Source material START
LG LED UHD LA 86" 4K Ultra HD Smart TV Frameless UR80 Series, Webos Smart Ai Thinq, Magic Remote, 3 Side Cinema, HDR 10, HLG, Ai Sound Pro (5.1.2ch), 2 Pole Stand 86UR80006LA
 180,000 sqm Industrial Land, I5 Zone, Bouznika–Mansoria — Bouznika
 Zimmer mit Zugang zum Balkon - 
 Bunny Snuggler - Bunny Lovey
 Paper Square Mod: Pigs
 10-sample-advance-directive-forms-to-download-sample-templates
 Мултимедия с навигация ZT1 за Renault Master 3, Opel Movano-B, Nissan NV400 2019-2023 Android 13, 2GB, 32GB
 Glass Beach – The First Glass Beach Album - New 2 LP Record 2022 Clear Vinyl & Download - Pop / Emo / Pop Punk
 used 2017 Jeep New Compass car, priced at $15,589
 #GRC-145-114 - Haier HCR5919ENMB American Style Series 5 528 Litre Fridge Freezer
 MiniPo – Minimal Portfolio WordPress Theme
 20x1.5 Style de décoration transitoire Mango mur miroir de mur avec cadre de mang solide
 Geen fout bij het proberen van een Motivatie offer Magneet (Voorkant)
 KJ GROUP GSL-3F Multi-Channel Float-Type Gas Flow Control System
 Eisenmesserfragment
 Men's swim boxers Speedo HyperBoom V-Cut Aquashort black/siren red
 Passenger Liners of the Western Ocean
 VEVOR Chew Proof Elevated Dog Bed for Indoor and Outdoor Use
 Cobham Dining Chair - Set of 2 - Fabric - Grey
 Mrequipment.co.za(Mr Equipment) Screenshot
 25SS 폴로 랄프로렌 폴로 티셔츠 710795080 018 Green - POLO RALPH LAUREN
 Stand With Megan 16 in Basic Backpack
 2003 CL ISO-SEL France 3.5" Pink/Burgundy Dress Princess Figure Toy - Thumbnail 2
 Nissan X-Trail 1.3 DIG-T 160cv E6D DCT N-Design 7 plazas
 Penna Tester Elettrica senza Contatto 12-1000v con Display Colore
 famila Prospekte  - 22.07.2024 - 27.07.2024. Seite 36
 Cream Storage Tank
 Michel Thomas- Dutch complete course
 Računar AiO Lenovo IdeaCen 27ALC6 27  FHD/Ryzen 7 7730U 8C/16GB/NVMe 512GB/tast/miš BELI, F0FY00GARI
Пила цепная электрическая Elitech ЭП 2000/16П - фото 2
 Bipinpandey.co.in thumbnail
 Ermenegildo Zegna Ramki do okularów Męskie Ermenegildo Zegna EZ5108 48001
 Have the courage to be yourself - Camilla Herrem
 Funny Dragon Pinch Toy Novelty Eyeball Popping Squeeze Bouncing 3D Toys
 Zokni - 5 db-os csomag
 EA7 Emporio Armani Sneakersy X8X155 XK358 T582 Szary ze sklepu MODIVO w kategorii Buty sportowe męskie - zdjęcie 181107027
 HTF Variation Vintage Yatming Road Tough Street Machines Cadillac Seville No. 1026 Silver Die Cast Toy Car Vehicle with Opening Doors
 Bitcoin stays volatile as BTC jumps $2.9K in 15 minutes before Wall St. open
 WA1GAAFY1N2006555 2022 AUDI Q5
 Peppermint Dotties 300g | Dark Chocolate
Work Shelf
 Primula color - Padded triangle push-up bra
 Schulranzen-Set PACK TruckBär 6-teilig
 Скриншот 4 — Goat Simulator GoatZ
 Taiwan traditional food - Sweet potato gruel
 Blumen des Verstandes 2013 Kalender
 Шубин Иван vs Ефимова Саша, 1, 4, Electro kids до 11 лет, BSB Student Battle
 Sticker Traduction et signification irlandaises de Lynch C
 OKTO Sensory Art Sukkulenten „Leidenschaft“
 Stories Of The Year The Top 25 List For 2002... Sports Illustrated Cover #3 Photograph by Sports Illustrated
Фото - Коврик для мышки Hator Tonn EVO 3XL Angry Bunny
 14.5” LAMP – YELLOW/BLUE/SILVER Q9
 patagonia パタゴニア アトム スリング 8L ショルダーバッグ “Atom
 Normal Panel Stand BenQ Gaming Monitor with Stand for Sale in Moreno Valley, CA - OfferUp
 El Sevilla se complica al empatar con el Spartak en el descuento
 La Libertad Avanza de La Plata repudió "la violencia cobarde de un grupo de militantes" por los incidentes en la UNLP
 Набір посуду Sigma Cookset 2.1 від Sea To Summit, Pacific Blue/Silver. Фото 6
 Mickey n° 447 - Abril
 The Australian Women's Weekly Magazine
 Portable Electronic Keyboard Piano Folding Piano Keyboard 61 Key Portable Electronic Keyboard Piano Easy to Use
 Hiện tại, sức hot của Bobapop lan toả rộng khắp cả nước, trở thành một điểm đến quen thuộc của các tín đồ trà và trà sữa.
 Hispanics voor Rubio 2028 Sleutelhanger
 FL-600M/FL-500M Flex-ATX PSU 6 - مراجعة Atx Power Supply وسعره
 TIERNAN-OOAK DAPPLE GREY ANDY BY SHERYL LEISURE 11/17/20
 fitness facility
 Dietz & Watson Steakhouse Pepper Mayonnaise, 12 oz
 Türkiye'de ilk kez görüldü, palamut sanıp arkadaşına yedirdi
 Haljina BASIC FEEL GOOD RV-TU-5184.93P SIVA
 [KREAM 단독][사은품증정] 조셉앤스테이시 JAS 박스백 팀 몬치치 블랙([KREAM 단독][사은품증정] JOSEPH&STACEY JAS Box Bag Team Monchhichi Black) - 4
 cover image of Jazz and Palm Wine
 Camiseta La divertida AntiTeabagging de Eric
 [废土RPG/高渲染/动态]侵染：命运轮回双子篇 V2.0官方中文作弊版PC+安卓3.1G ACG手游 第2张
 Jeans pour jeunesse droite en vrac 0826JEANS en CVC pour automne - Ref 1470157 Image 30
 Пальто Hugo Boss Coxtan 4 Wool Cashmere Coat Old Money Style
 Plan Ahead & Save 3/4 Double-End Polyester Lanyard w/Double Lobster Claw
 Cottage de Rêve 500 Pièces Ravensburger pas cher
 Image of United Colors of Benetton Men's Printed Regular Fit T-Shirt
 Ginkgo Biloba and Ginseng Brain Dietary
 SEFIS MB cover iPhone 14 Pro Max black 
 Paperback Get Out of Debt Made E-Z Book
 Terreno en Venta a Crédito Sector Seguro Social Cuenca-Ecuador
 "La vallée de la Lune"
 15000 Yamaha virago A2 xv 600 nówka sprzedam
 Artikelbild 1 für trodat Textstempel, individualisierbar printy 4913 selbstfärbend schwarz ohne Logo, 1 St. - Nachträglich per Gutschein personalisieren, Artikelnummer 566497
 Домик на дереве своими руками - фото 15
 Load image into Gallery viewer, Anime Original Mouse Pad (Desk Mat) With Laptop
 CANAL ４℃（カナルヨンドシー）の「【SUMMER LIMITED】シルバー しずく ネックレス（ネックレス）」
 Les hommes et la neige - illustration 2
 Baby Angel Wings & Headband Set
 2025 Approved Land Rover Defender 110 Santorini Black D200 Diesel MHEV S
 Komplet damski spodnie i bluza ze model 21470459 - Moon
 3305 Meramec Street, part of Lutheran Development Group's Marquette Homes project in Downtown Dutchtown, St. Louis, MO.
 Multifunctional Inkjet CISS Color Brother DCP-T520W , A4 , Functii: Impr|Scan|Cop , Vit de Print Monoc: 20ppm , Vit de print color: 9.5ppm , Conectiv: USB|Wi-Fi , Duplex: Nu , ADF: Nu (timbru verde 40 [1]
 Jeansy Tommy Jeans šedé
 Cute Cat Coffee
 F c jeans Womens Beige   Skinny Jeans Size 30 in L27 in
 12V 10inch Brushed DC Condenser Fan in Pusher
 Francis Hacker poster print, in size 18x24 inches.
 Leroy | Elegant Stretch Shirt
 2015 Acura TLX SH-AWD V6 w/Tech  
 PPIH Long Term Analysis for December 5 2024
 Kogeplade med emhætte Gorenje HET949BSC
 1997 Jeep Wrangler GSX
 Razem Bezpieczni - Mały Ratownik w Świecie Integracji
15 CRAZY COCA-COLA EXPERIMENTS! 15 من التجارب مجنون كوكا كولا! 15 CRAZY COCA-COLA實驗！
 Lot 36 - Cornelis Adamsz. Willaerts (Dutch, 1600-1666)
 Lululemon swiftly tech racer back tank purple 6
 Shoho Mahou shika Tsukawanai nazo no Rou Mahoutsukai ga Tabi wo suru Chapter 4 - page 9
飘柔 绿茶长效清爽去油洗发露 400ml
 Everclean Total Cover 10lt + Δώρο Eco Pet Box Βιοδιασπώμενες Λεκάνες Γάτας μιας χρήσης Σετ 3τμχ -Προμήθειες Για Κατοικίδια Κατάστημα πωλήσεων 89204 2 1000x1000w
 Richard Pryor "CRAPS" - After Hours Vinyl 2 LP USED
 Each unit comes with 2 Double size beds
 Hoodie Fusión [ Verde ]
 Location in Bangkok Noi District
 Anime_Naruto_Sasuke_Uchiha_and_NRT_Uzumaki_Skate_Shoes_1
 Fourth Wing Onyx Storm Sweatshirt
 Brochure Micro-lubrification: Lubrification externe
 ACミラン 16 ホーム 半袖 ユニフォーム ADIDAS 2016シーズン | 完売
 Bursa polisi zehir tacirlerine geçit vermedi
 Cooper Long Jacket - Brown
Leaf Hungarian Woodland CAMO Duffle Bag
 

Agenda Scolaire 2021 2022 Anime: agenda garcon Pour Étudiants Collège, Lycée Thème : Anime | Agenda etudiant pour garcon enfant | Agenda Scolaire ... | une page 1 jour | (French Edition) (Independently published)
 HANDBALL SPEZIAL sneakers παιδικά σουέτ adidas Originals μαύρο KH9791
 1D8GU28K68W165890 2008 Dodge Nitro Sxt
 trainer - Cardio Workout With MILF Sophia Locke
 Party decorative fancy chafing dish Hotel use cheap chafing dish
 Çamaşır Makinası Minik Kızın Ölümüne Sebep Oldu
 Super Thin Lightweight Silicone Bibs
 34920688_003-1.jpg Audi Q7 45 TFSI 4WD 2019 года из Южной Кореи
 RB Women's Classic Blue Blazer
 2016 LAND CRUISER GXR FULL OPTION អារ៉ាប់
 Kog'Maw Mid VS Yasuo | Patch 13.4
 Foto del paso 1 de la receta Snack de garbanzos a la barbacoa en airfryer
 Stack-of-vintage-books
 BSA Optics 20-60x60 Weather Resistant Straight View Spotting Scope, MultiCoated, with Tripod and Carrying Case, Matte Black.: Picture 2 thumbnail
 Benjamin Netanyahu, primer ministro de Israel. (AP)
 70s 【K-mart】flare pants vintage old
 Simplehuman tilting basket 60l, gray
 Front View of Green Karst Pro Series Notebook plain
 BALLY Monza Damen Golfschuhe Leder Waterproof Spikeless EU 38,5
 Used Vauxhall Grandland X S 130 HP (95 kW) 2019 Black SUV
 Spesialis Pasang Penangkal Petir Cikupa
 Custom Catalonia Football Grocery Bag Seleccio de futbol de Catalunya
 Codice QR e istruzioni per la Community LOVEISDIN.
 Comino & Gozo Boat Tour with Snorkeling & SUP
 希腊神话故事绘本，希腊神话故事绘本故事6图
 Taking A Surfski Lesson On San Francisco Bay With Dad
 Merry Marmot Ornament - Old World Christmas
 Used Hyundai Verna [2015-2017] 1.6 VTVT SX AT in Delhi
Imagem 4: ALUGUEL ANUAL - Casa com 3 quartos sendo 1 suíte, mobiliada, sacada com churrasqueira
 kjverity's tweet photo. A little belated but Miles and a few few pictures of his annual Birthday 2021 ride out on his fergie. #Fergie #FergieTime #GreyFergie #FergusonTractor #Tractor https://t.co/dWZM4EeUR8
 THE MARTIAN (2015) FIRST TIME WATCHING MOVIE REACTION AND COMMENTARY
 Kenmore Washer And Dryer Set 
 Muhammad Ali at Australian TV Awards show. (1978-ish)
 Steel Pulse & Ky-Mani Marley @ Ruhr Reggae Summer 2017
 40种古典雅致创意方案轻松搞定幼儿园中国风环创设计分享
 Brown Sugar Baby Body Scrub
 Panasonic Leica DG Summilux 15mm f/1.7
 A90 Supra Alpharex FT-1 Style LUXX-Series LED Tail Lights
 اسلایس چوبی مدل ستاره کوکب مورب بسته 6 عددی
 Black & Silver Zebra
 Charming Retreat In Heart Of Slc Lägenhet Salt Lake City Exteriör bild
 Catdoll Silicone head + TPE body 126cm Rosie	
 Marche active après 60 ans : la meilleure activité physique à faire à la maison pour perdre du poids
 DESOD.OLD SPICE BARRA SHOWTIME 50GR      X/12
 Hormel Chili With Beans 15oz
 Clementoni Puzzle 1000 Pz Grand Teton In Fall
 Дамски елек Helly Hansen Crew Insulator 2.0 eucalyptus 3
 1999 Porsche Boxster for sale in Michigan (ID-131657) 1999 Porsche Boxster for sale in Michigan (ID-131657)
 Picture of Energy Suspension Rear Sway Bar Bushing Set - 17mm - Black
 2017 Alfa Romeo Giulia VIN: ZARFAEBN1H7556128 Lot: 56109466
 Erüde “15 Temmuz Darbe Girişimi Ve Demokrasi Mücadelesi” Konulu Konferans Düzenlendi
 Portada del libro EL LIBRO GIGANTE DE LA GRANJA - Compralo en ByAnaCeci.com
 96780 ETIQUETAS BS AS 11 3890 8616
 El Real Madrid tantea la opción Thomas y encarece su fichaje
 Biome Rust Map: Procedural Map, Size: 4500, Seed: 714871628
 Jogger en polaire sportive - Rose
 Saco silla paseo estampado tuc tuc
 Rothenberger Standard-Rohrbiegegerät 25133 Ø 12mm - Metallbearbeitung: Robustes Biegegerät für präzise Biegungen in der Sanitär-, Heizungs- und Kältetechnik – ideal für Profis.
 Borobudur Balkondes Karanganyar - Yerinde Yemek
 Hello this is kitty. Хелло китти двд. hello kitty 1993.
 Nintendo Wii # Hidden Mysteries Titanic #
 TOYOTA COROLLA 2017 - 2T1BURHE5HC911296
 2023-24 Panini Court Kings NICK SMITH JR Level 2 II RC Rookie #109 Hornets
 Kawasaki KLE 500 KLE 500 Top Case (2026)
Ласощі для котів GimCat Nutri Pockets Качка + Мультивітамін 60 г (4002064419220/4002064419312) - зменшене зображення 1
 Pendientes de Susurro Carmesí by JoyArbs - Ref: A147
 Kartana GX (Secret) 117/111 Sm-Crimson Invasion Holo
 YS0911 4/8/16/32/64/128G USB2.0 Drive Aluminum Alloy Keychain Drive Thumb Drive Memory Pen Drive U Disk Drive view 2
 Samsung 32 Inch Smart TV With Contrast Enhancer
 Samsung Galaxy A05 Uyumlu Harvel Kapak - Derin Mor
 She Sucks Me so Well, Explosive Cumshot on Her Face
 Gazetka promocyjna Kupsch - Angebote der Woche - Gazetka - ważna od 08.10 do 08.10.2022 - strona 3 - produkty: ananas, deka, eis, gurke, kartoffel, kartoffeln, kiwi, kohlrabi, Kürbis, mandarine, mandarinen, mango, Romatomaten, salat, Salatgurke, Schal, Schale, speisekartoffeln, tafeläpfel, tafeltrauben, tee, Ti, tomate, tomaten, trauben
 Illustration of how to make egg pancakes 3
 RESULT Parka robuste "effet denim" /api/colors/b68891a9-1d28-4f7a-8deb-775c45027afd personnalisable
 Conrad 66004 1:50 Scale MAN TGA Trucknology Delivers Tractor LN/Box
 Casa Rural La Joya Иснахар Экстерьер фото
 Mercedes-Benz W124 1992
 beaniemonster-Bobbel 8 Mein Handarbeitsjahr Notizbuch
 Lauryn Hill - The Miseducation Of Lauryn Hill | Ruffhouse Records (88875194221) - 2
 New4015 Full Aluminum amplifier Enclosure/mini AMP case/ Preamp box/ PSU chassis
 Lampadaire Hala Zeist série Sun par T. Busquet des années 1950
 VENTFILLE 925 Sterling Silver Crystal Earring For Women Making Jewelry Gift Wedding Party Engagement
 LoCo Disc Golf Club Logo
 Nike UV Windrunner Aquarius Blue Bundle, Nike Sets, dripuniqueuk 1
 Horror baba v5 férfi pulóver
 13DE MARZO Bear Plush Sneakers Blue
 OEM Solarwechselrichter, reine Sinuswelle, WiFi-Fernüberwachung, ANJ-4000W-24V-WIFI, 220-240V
Source material END
**Description of the task**.
Show all lines in the entries above where the word "Bunny" appears.

**Solution for this task**.
 Bunny Snuggler - Bunny Lovey
Фото - Коврик для мышки Hator Tonn EVO 3XL Angry Bunny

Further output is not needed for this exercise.